「2016年介護サービス施設・事業所調査の概要」より
介護人材確保、安倍首相は「さらなる処遇改善」を明言
最後に、「今後の最大の課題」となる「従事者」の状況を見てみましょう。
各サービスについて、1事業所当たりの看護・介護職員数(常勤換算)を見ると、
▼訪問介護7.3人(前年に比べて0.1人減)
▼訪問看護4.8人(同増減なし)
▼通所介護7.5人(同2.0人増)
▼通所リハビリ7.8人(同0.1人減)
▼短期入所生活介護14.2人(同0.4人増)
▼特定施設入居者生活介護19.9人(同0.1人増)
▼認知症対応型共同生活介護11.5人(同0.1人増)
―などとなっており、サービスによって微増減があります。なお、通所介護の人員増は「小規模事業所が地域密着型通所介護に移行した」ことによる見かけ上の増加である点には留意が必要です。

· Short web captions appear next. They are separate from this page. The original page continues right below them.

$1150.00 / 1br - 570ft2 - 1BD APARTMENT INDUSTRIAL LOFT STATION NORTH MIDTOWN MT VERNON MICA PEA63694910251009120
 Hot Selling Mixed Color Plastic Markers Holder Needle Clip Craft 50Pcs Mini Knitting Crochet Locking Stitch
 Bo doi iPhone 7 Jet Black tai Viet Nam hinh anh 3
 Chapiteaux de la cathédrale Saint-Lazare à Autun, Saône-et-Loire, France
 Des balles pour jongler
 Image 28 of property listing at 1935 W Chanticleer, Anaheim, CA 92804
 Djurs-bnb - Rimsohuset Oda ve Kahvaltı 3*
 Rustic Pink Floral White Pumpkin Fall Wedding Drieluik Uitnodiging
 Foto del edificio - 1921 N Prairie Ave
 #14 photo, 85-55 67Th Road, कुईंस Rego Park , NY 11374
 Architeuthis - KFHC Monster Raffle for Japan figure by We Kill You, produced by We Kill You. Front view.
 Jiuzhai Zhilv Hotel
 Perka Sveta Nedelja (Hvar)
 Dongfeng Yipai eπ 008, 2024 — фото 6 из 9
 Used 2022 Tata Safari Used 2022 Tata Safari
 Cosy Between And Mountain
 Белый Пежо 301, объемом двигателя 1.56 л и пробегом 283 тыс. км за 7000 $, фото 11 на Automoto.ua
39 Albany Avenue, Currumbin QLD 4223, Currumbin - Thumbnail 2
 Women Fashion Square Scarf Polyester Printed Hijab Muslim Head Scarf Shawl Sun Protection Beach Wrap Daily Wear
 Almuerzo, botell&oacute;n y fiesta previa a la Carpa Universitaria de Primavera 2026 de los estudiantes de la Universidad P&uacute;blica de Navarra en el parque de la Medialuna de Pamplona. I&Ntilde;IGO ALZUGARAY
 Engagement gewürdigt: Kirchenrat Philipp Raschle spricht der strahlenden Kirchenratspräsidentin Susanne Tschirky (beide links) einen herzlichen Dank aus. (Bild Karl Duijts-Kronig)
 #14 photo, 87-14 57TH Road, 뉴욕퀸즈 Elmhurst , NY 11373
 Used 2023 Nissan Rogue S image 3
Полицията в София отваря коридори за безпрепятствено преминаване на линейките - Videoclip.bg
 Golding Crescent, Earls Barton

安倍晋三内閣は「ニッポン一億総活躍プラン」を閣議決定し、介護離職ゼロを目指して特養ホームなどの整備を進める方針を明確にし、今年度(2017年度)には、月1万円程度の処遇改善などを要件とする新たな介護職員処遇改善加算が設けられました(臨時の介護報酬改定)(関連記事はこちらとこちらとこちら)。
さらに安倍首相は、9月25日の経済財政諮問会議において「介護離職ゼロに向けた介護人材確保のため、他の産業との賃金格差をなくしていくよう、更なる処遇改善を進める」考えを明確にしました(内閣府のサイトはこちら。この点は今後の介護給付費分科会でも議論され、2018年度改定で「処遇改善加算の充実」方向が決まったと言えそうです。
ただし、こうした処遇改善が「人材確保」に結びついているのか、その効果を確認・検証するとともに、より抜本的な人材確保方策を「国を挙げて」考えていく必要があります。